### DATA:
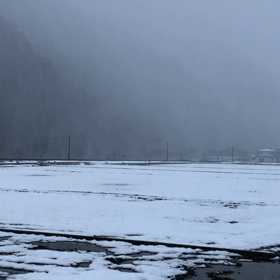 雪にも負けずの画像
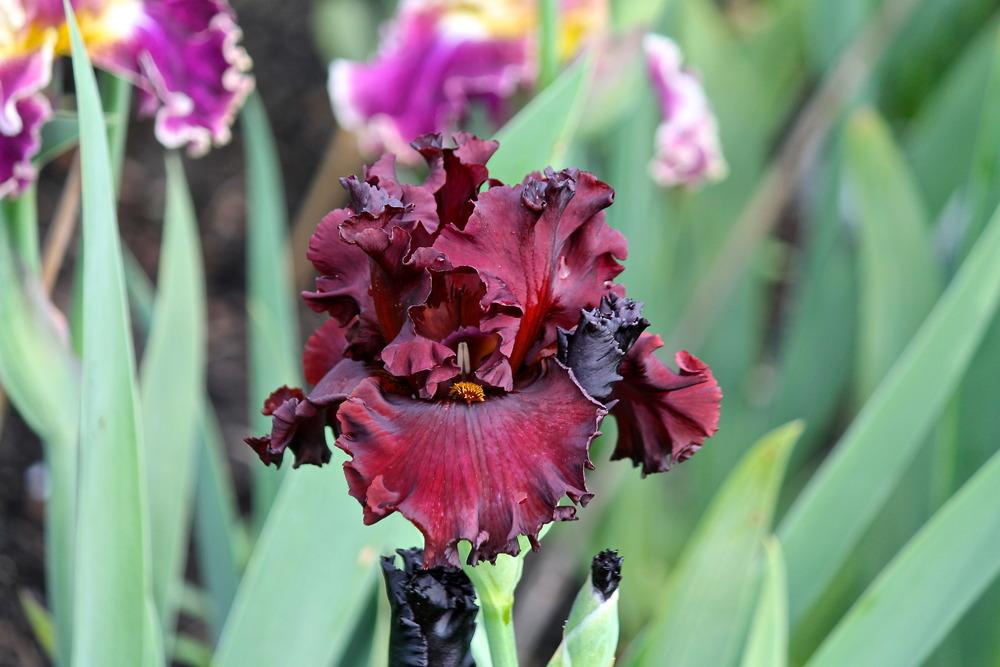 Photo of Tall Bearded Iris (Iris 'Cardinal Rule') uploaded by ARUBA1334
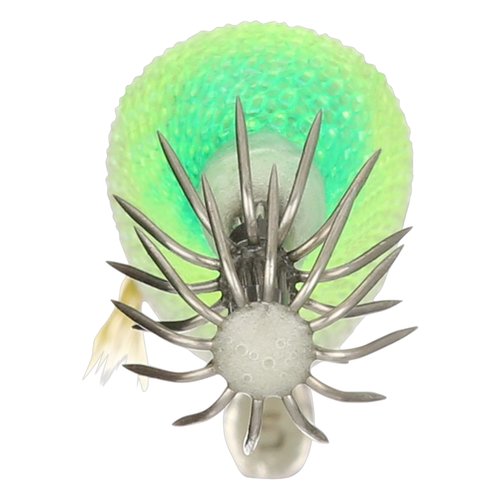 Shimano F Banana Chart SEPHIA Clinch Flash Boost Egi (Squid Jig) (SEPCL25FBFBC) Fishing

### ABOUT THIS TASK:
Line by line, reproduce the material above exactly, leaving each picture out.

### SOLUTION TO THE PROBLEM:
 雪にも負けずの画像
 Photo of Tall Bearded Iris (Iris 'Cardinal Rule') uploaded by ARUBA1334
 Shimano F Banana Chart SEPHIA Clinch Flash Boost Egi (Squid Jig) (SEPCL25FBFBC) Fishing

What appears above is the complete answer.